Furthermore, rising expectations in developing countries and a growing cadre of senior citizens are a major force in innovation – and both groups have the money to pay for what they want.

    Whole New Industries. Entrepreneurs will apply innovations to create new industries, build new facilities, and provide billions of new jobs – although many of today’s jobs will disappear. Consider the following boutique industries that will blossom from novelties today into widely embraced products and services in the next decade:

  • Pure Water. Next to the air we breath, water is most vital for mankind’s survival. Today’s water supply systems deplete rivers and aquifers. It’s likely that desalting seawater into potable water will become big business – possibly even exceeding today’s fossil fuels industry.
  • Food Engineering. Genetic advances, drip irrigation, and other innovations will produce crop varieties that resist freezing and can be irrigated with saltwater, thus converting wastelands into high-yield, sustainable farms.
  • Energy. By the end of the 21st century fossil fuels will be a minor energy source behind wind, solar, ocean tides, geothermal, and other sources we haven’t thought of yet.
  • Driverless Transportation. Highways will be traveled by computer-controlled cars, buses and trucks while humans drive vehicles only for recreation. Robo-taxis will take people to work, supermarkets, malls, supermarkets, and doctors – any place they want to go.
  • Garbage. There will be no such thing as “garbage.” Recycling plants will convert 100% of what we now call waste into reusable materials using innovations akin to alchemy.
  • Connectivity. With sensors imbedded in everything from walls and floors, to appliances and tools, to animals and plants, the “Internet of Things” will disrupt one industry after another and shift economic value from physical goods to tools that collect and analyze data.
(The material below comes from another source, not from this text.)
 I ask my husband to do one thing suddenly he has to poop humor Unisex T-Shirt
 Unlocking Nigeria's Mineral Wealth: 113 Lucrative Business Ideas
The 20th century’s breakthroughs in information processing, automation, and communications will seem primitive in comparison to what lies ahead.

    Challenge of Innovation. If you’re in an industry with rampant innovation (e.g., cyber-space, health care, or energy), your challenge is to create and market products and services that customers may not understand or know they need. And if you’re not in one of those industries, your organization could face extinction. In either case, your continued prosperity in a world of innovation depends on your ability to:

  • Recognize trends and incorporate them into your strategic plans
  • Understand how organizations connect to help each other succeed
  • Question and be open to being questioned about assumptions
  • Engage diverse personality styles to promote innovation
  • Ask probing questions and genuinely listen to the responses
  • Create an environment that fosters collaborative thinking, and
  • Value what others say – especially if their perspective is unique.

Use these methods to create a culture of innovation that gathers, shares, and acts on ideas and knowledge inside your organization and across your industry.